Records to process
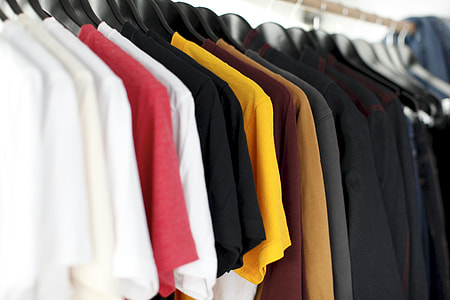 closeup photo of clothes hanging on hanger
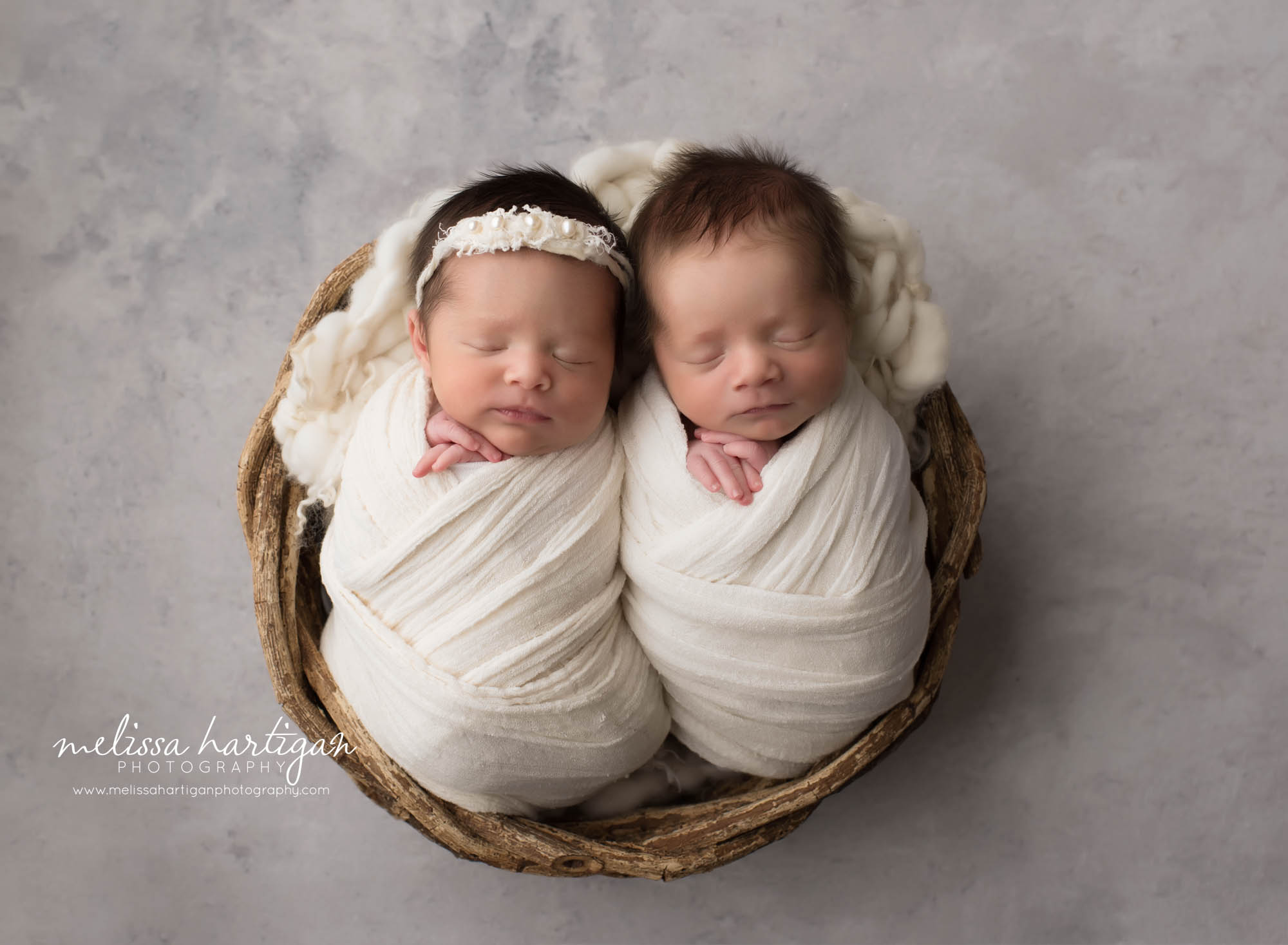 boy girl twin babies wrapped in cream wraps and posed beside each other in wicker basket with cream layer newborn photographer CT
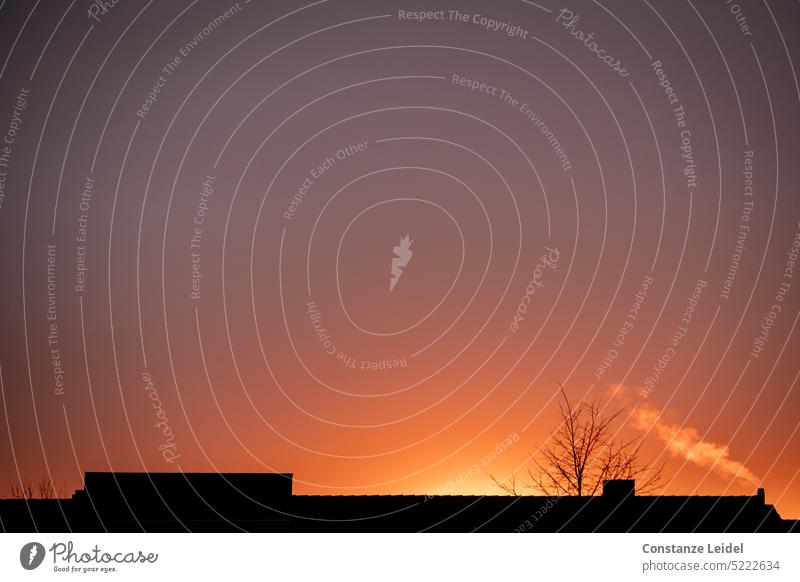 Sonnenuntergang über einem Dach mit rauchendem Schornstein. Natur Himmel Abend Qualm Rauch Umwelt Silhouette Klimawandel Energiewirtschaft Emission rot orange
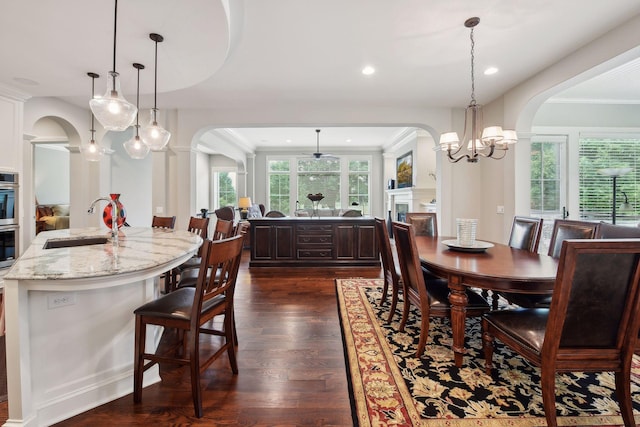749 Fairway Dr, Medina, MN 55340 - dining room with arched walkways, dark wood finished floors, a fireplace, crown molding, and recessed lighting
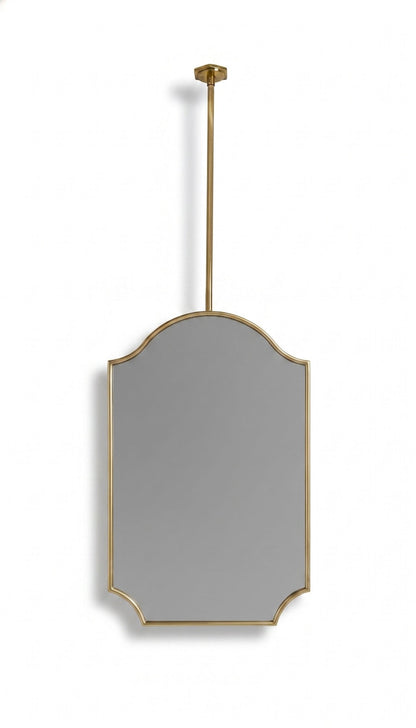  Curved top brass hanging mirror with ceiling-mounted rod.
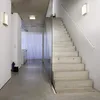 A modern interior hallway with a concrete ceiling and floor, a glass partition, and a concrete staircase. Produktbild-Vorschau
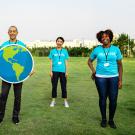 volunteers holding up an Earth poster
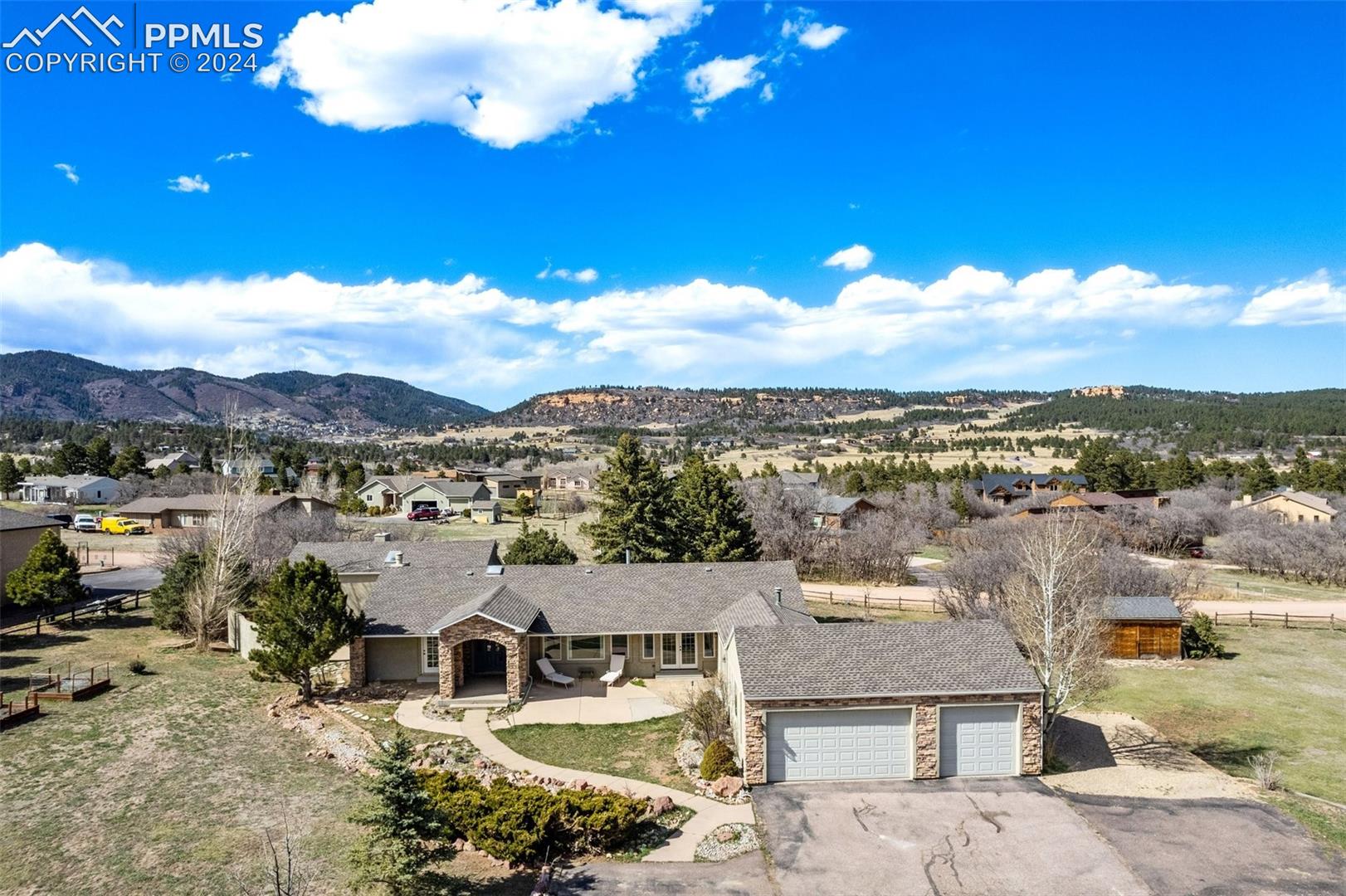 3830 Range View Road Monument, CO 80132 - Photo 2 of 50 Aerial view of home showing three car garage and five additional parking spaces. Two are on the left by the tree and three are on the right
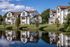 Apartment homes overlooking a tranquil pond with tree-lined banks and clear reflections under a blue sky.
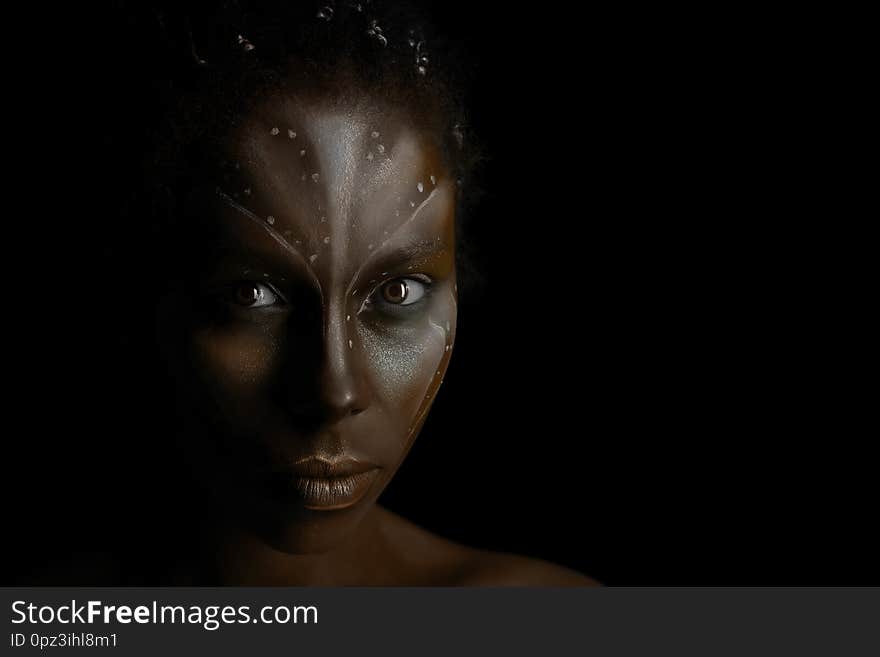 Portrait of beautiful African girl with traditional tribal paintings on her face on black background. Portrait of beautiful African girl with traditional tribal paintings on her face on black background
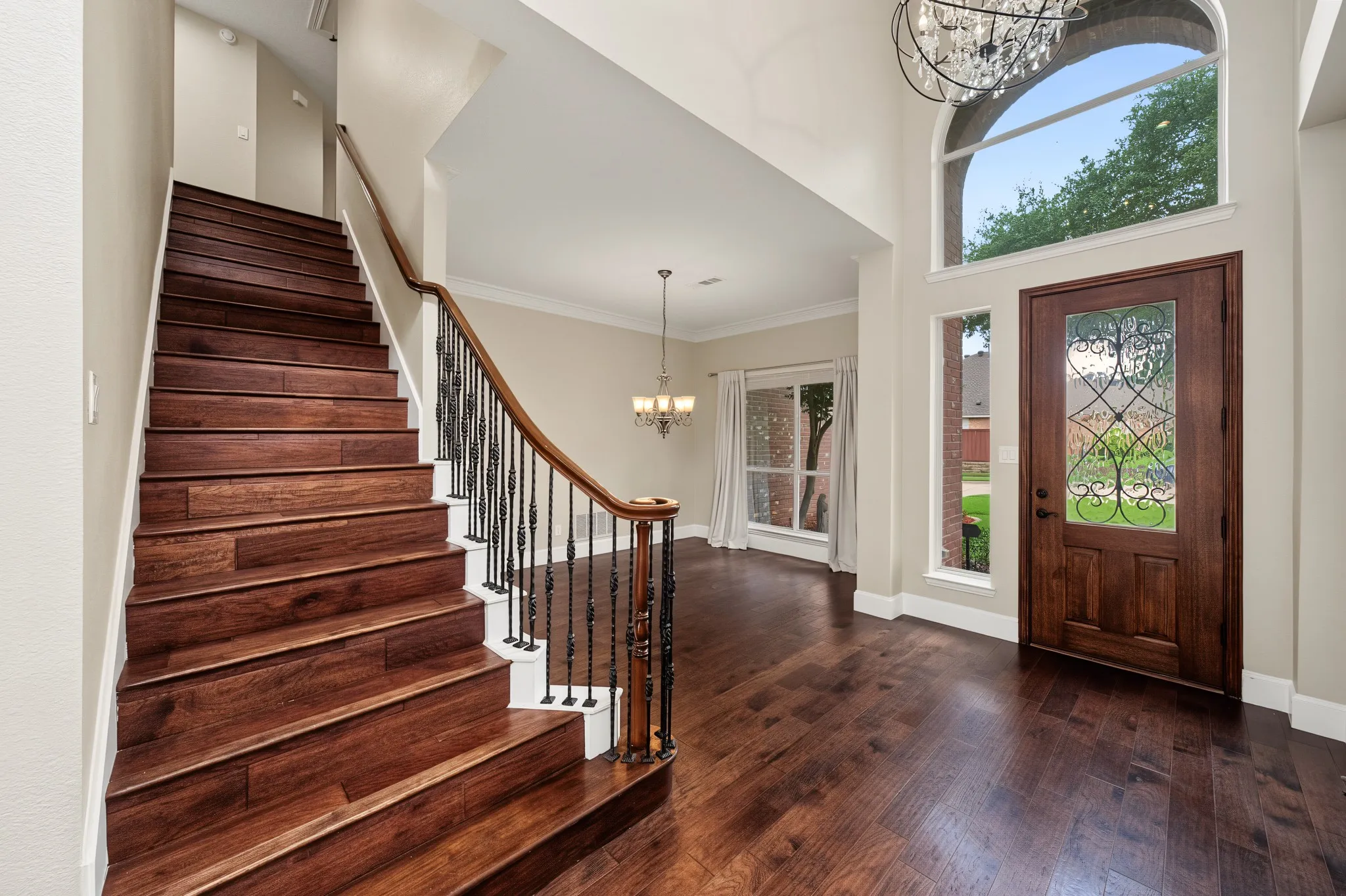 Grand entry featuring rich wood-finish flooring, a substantial wood staircase with wrought iron balusters, a large arch-top window, and a chandelier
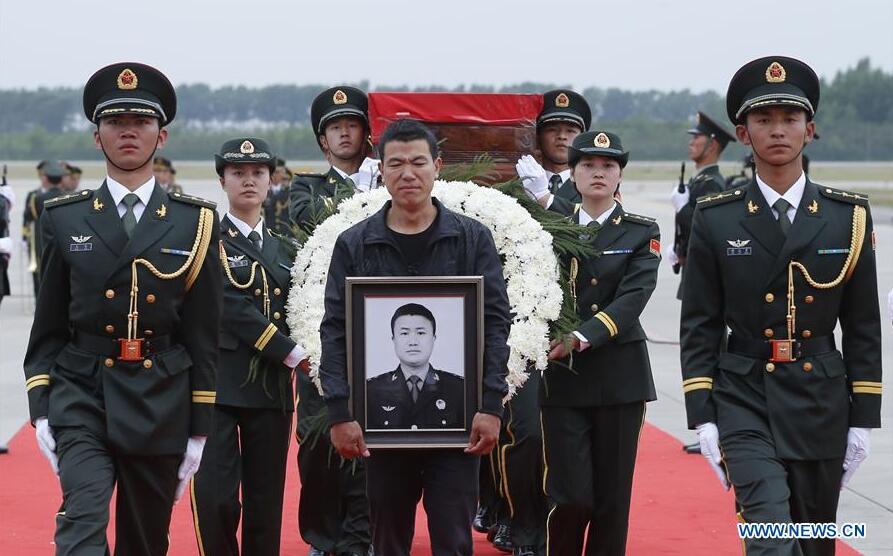 CHANGCHUN, June 9, 2016 (Xinhua) -- Shen Mingming (C), elder brother of Chinese UN peacekeeping soldier Shen Liangliang, escort the coffin of Shen Liangliang to the hearse at Longjia Airport in Changchun, capital of northeast China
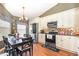 Modern kitchen featuring stainless steel appliances, ample cabinet space, and a cozy dining area at 109 Lakepointe Cir, Kissimmee, FL 34743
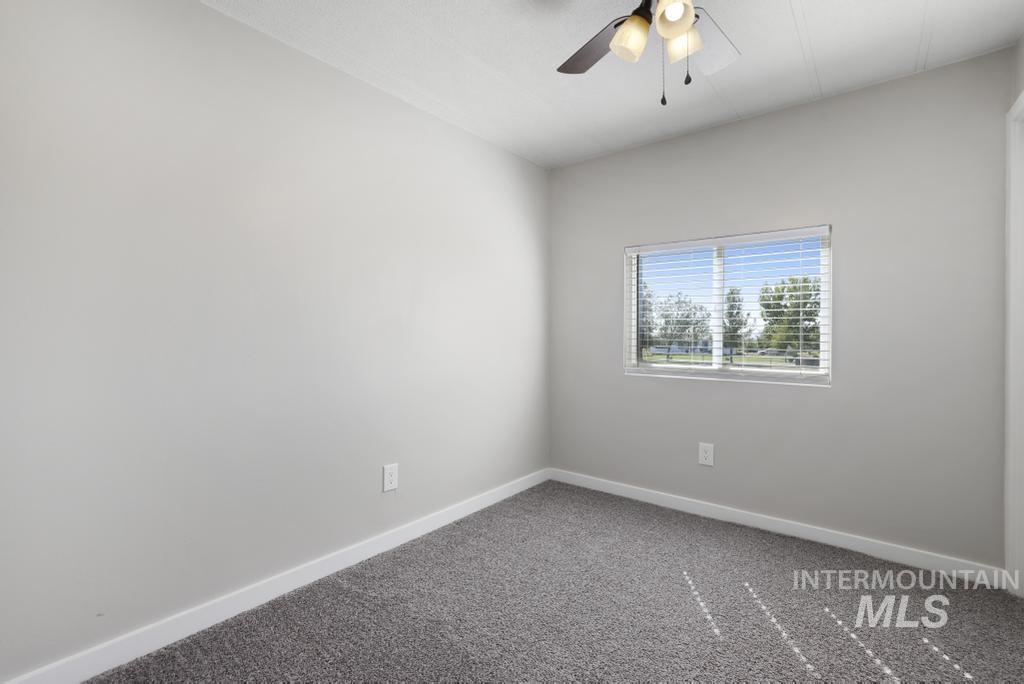 Unfurnished room featuring carpet and ceiling fan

Work to complete
From the first line to the last, reproduce the listing above exactly, leaving the pictures out.

Written solution
 closeup photo of clothes hanging on hanger
 boy girl twin babies wrapped in cream wraps and posed beside each other in wicker basket with cream layer newborn photographer CT
 Sonnenuntergang über einem Dach mit rauchendem Schornstein. Natur Himmel Abend Qualm Rauch Umwelt Silhouette Klimawandel Energiewirtschaft Emission rot orange
749 Fairway Dr, Medina, MN 55340 - dining room with arched walkways, dark wood finished floors, a fireplace, crown molding, and recessed lighting
  Curved top brass hanging mirror with ceiling-mounted rod.
 A modern interior hallway with a concrete ceiling and floor, a glass partition, and a concrete staircase. Produktbild-Vorschau
 volunteers holding up an Earth poster
 3830 Range View Road Monument, CO 80132 - Photo 2 of 50 Aerial view of home showing three car garage and five additional parking spaces. Two are on the left by the tree and three are on the right
 Apartment homes overlooking a tranquil pond with tree-lined banks and clear reflections under a blue sky.
 Portrait of beautiful African girl with traditional tribal paintings on her face on black background. Portrait of beautiful African girl with traditional tribal paintings on her face on black background
 Grand entry featuring rich wood-finish flooring, a substantial wood staircase with wrought iron balusters, a large arch-top window, and a chandelier
 CHANGCHUN, June 9, 2016 (Xinhua) -- Shen Mingming (C), elder brother of Chinese UN peacekeeping soldier Shen Liangliang, escort the coffin of Shen Liangliang to the hearse at Longjia Airport in Changchun, capital of northeast China
 Modern kitchen featuring stainless steel appliances, ample cabinet space, and a cozy dining area at 109 Lakepointe Cir, Kissimmee, FL 34743
 Unfurnished room featuring carpet and ceiling fan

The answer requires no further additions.